The results showed that a starting pH of 5.7 was more suitable than pH levels of 6.4 and 4.4 for higher production of solvents. In the proposed model, it was found that when the starting pH was higher than the optimum pH (pH 5.7), the cells grew faster and produced acids rapidly, which led to shock and caused the cells to enter sporulation instead of solventogenesis. Similarly, when the cells grew at a lower pH level than the optimum level, a small amount of acids lowered the pH level significantly and forced the cells to enter sporulation. Therefore, due to the initialization of sporulation, cells produced lower concentrations of solvents at higher and lower starting levels of pH than pH 5.7.

It has been observed that sporulation and solventogenesis are regulated by one activator, Spo0A [46]. However, the reasons for Spo0A activating sporulation or solventogenesis under different growth conditions are unknown [47]. At a starting pH level of 5.7, the cells were able to hold the pH at a certain favorable level (pH 4.4) for growth through the consumption of acids. Therefore, in this case, the cells performed metabolically well and consumed glucose and acids up to almost exhaustion for producing high concentrations of solvents. Our study revealed a significant impact of pH level on the utilization rate of glucose (g/L·h) during fermentation. Specifically, we observed that maintaining a pH level of 5.7 facilitated continuous glucose consumption throughout the process, resulting in a higher yield of solvents (Figure 7 and Figure 8B).

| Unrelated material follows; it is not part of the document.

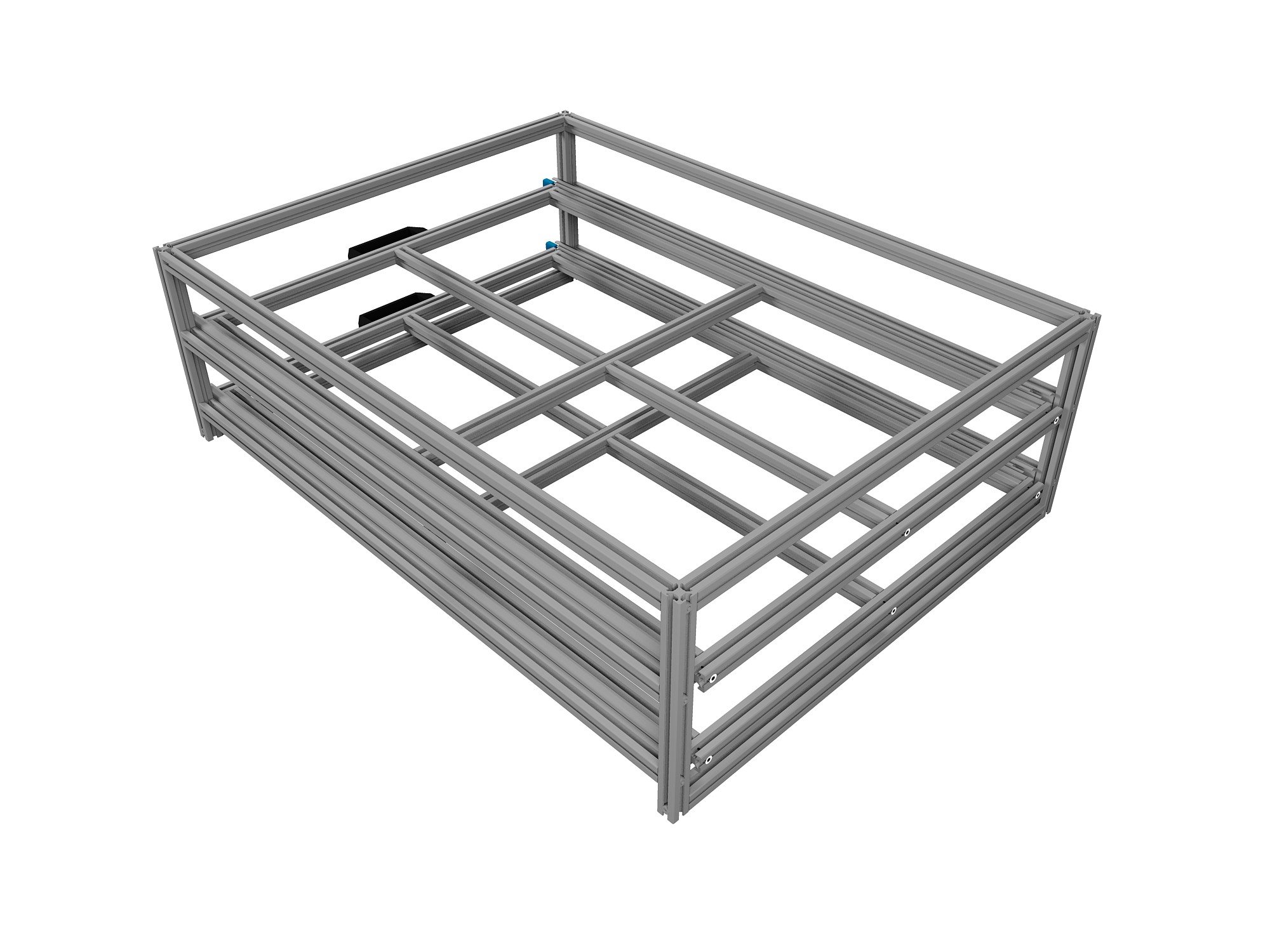 Heckauszug 800 x 1200 mm Euroboxen, 1-teilig, 2-stockig, für Camper, Caravan, Wohnmobil & Nutzfahrzeuge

The maximum concentration of biomass achieved in the batch fermentation was not found to be very sensitive to the starting pH level as the biomass achieved a similar maximum concentration for all three uncontrolled growth conditions. Additionally, biomass growth showed a decline in the case of a starting pH of 6.4, which might be due to the rapid biomass and acids production rate compared to the other pH levels. However, this decline in biomass growth was not predicted by the proposed model. Along with the profiles of other products, the model was also capable of predicting the concentration of hydrogen and carbon dioxide in both phases of metabolism. Furthermore, it was observed from the predicted profiles that under the starting pH of 5.99, solventogenesis was active for 65 h, which is around five-fold higher than the period for the starting pH of 6.8 and 4.5. While the activation time of acidogenesis was similar in all three different pH environments, it indicates that the activation period of the solventogenesis phase is dependent on the starting pH level.

5. Conclusions

We developed an uncontrolled pH-based kinetic model to capture the fermentation dynamics of C. acetobutylicum in a batch system. The model accurately described the consumption of glucose, formation of biomass, production of acids and solvents, pH changes, and evolution of hydrogen and carbon dioxide gases under various experimental conditions. Our study revealed that maintaining a pH above 4.4 is crucial for keeping the cells in a metabolically active state, resulting in higher solvent production during the second phase of fermentation. This model can be extended to represent the dynamics of other types of fermentation processes, such as fed-batch and continuous systems, both with controlled and uncontrolled pH. Furthermore, the proposed model can aid in developing the kinetics of ABE fermentation using other sugars, such as arabinose and xylose, either individually or in combination with glucose. While significant efforts are still needed, our study provides a crucial foundation for identifying optimal parameters in the production of biobutanol at an industrial scale. By elucidating the relationship between medium pH and the production of biobutanol, our findings contribute to the development of efficient and scalable processes. Although additional research and optimization are necessary, our study serves as an important steppingstone towards realizing the industrial production of biobutanol.